───── LISTED ENTRIES
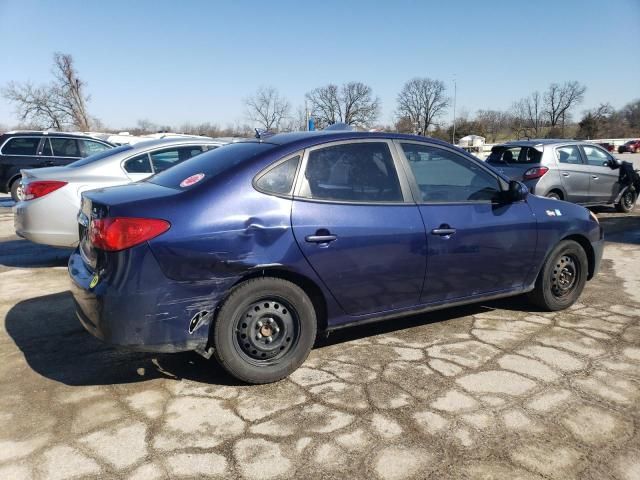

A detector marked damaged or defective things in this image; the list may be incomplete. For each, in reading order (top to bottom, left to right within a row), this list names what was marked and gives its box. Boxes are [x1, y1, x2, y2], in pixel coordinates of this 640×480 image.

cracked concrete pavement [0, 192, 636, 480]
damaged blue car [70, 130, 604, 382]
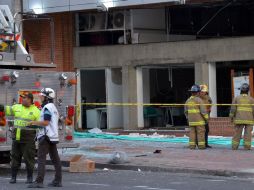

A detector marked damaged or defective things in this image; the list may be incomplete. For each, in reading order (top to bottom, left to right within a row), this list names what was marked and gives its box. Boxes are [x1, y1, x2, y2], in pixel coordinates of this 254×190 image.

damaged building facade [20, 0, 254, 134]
──────────
- ACTIVITY: Drop the pictures and copy the data exactly.

- WRITTEN RESPONSE:
A detector marked damaged or defective things in this image; the list may be incomplete. For each, in reading order (top to bottom, left to right within a row), this list names what was marked and gives its box. Boxes are [x1, y1, x2, y2], in pixel coordinates of this 640×480 image.

cracked concrete pavement [0, 192, 636, 480]
damaged blue car [70, 130, 604, 382]

A detector marked damaged or defective things in this image; the list may be incomplete. For each, in reading order (top to bottom, left to right within a row), this list names what was marked and gives its box. Boxes are [x1, y1, x2, y2], in pixel coordinates of this 254×190 image.

damaged building facade [20, 0, 254, 134]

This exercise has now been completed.